RECORDED INFORMATION below:

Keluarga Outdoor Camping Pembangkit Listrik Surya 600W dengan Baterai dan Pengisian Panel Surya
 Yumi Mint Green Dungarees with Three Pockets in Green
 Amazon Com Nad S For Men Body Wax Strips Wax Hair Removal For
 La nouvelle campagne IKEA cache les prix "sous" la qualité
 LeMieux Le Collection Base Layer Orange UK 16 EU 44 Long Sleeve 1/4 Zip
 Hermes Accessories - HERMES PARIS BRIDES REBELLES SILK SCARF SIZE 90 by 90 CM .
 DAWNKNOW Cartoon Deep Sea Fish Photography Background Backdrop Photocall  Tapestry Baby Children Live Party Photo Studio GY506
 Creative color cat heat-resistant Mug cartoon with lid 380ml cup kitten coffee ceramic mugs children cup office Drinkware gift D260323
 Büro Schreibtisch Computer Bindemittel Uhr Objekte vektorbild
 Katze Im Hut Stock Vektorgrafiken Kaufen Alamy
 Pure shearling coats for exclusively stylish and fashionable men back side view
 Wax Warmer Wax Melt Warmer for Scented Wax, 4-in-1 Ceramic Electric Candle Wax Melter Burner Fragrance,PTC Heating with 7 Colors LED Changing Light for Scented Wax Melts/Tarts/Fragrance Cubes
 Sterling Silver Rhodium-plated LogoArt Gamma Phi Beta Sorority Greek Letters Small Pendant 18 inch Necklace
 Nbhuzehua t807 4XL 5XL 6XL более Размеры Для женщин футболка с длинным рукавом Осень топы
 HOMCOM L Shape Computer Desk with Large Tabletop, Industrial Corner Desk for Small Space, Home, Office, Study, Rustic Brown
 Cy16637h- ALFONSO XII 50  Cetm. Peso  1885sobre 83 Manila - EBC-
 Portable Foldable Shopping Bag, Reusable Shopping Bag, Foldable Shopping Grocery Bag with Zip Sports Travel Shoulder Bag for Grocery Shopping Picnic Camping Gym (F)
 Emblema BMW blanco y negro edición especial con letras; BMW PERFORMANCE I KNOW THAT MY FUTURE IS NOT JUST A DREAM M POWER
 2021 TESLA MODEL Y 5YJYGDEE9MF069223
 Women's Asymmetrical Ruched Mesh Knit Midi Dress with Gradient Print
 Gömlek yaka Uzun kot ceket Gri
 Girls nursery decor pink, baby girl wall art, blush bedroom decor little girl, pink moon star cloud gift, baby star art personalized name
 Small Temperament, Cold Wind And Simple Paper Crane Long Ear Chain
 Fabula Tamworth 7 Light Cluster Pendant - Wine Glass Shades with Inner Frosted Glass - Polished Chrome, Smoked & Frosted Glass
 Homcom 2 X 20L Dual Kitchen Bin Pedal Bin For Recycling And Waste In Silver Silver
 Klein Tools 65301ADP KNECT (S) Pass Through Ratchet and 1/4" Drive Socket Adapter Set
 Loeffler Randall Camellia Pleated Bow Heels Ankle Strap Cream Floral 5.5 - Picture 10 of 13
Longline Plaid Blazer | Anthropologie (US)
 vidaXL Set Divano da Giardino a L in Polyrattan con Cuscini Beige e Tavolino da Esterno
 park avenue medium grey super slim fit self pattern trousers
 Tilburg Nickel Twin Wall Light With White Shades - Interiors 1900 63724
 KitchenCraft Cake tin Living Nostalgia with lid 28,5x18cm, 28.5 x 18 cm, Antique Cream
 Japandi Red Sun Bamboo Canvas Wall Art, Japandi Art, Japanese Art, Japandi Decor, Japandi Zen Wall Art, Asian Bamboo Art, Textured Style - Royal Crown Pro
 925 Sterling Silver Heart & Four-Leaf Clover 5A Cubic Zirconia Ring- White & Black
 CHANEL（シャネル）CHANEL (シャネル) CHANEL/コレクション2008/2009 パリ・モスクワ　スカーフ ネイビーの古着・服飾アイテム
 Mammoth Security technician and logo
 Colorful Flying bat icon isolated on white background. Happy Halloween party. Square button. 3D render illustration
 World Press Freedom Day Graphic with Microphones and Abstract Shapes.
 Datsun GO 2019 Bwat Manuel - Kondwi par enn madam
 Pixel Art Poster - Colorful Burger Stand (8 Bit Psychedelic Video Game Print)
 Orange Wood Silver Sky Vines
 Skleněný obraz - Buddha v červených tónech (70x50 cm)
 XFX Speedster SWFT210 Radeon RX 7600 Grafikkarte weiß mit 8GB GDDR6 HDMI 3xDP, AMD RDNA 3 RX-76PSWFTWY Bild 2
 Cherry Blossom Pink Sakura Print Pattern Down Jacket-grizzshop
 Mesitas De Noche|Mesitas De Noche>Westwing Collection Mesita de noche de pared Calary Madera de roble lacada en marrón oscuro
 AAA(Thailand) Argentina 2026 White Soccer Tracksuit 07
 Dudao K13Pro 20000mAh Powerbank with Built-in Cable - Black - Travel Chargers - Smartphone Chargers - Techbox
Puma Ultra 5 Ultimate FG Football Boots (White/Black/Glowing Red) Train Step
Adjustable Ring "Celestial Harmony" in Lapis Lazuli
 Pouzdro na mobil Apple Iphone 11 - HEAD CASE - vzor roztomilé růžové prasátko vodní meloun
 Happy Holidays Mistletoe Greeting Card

End of RECORDED INFORMATION.

WHAT TO PRODUCE:
Output each entry exactly. Leave none out.

EXPECTED ANSWER:
Keluarga Outdoor Camping Pembangkit Listrik Surya 600W dengan Baterai dan Pengisian Panel Surya
 Yumi Mint Green Dungarees with Three Pockets in Green
 Amazon Com Nad S For Men Body Wax Strips Wax Hair Removal For
 La nouvelle campagne IKEA cache les prix "sous" la qualité
 LeMieux Le Collection Base Layer Orange UK 16 EU 44 Long Sleeve 1/4 Zip
 Hermes Accessories - HERMES PARIS BRIDES REBELLES SILK SCARF SIZE 90 by 90 CM .
 DAWNKNOW Cartoon Deep Sea Fish Photography Background Backdrop Photocall  Tapestry Baby Children Live Party Photo Studio GY506
 Creative color cat heat-resistant Mug cartoon with lid 380ml cup kitten coffee ceramic mugs children cup office Drinkware gift D260323
 Büro Schreibtisch Computer Bindemittel Uhr Objekte vektorbild
 Katze Im Hut Stock Vektorgrafiken Kaufen Alamy
 Pure shearling coats for exclusively stylish and fashionable men back side view
 Wax Warmer Wax Melt Warmer for Scented Wax, 4-in-1 Ceramic Electric Candle Wax Melter Burner Fragrance,PTC Heating with 7 Colors LED Changing Light for Scented Wax Melts/Tarts/Fragrance Cubes
 Sterling Silver Rhodium-plated LogoArt Gamma Phi Beta Sorority Greek Letters Small Pendant 18 inch Necklace
 Nbhuzehua t807 4XL 5XL 6XL более Размеры Для женщин футболка с длинным рукавом Осень топы
 HOMCOM L Shape Computer Desk with Large Tabletop, Industrial Corner Desk for Small Space, Home, Office, Study, Rustic Brown
 Cy16637h- ALFONSO XII 50  Cetm. Peso  1885sobre 83 Manila - EBC-
 Portable Foldable Shopping Bag, Reusable Shopping Bag, Foldable Shopping Grocery Bag with Zip Sports Travel Shoulder Bag for Grocery Shopping Picnic Camping Gym (F)
 Emblema BMW blanco y negro edición especial con letras; BMW PERFORMANCE I KNOW THAT MY FUTURE IS NOT JUST A DREAM M POWER
 2021 TESLA MODEL Y 5YJYGDEE9MF069223
 Women's Asymmetrical Ruched Mesh Knit Midi Dress with Gradient Print
 Gömlek yaka Uzun kot ceket Gri
 Girls nursery decor pink, baby girl wall art, blush bedroom decor little girl, pink moon star cloud gift, baby star art personalized name
 Small Temperament, Cold Wind And Simple Paper Crane Long Ear Chain
 Fabula Tamworth 7 Light Cluster Pendant - Wine Glass Shades with Inner Frosted Glass - Polished Chrome, Smoked & Frosted Glass
 Homcom 2 X 20L Dual Kitchen Bin Pedal Bin For Recycling And Waste In Silver Silver
 Klein Tools 65301ADP KNECT (S) Pass Through Ratchet and 1/4" Drive Socket Adapter Set
 Loeffler Randall Camellia Pleated Bow Heels Ankle Strap Cream Floral 5.5 - Picture 10 of 13
Longline Plaid Blazer | Anthropologie (US)
 vidaXL Set Divano da Giardino a L in Polyrattan con Cuscini Beige e Tavolino da Esterno
 park avenue medium grey super slim fit self pattern trousers
 Tilburg Nickel Twin Wall Light With White Shades - Interiors 1900 63724
 KitchenCraft Cake tin Living Nostalgia with lid 28,5x18cm, 28.5 x 18 cm, Antique Cream
 Japandi Red Sun Bamboo Canvas Wall Art, Japandi Art, Japanese Art, Japandi Decor, Japandi Zen Wall Art, Asian Bamboo Art, Textured Style - Royal Crown Pro
 925 Sterling Silver Heart & Four-Leaf Clover 5A Cubic Zirconia Ring- White & Black
 CHANEL（シャネル）CHANEL (シャネル) CHANEL/コレクション2008/2009 パリ・モスクワ　スカーフ ネイビーの古着・服飾アイテム
 Mammoth Security technician and logo
 Colorful Flying bat icon isolated on white background. Happy Halloween party. Square button. 3D render illustration
 World Press Freedom Day Graphic with Microphones and Abstract Shapes.
 Datsun GO 2019 Bwat Manuel - Kondwi par enn madam
 Pixel Art Poster - Colorful Burger Stand (8 Bit Psychedelic Video Game Print)
 Orange Wood Silver Sky Vines
 Skleněný obraz - Buddha v červených tónech (70x50 cm)
 XFX Speedster SWFT210 Radeon RX 7600 Grafikkarte weiß mit 8GB GDDR6 HDMI 3xDP, AMD RDNA 3 RX-76PSWFTWY Bild 2
 Cherry Blossom Pink Sakura Print Pattern Down Jacket-grizzshop
 Mesitas De Noche|Mesitas De Noche>Westwing Collection Mesita de noche de pared Calary Madera de roble lacada en marrón oscuro
 AAA(Thailand) Argentina 2026 White Soccer Tracksuit 07
 Dudao K13Pro 20000mAh Powerbank with Built-in Cable - Black - Travel Chargers - Smartphone Chargers - Techbox
Puma Ultra 5 Ultimate FG Football Boots (White/Black/Glowing Red) Train Step
Adjustable Ring "Celestial Harmony" in Lapis Lazuli
 Pouzdro na mobil Apple Iphone 11 - HEAD CASE - vzor roztomilé růžové prasátko vodní meloun
 Happy Holidays Mistletoe Greeting Card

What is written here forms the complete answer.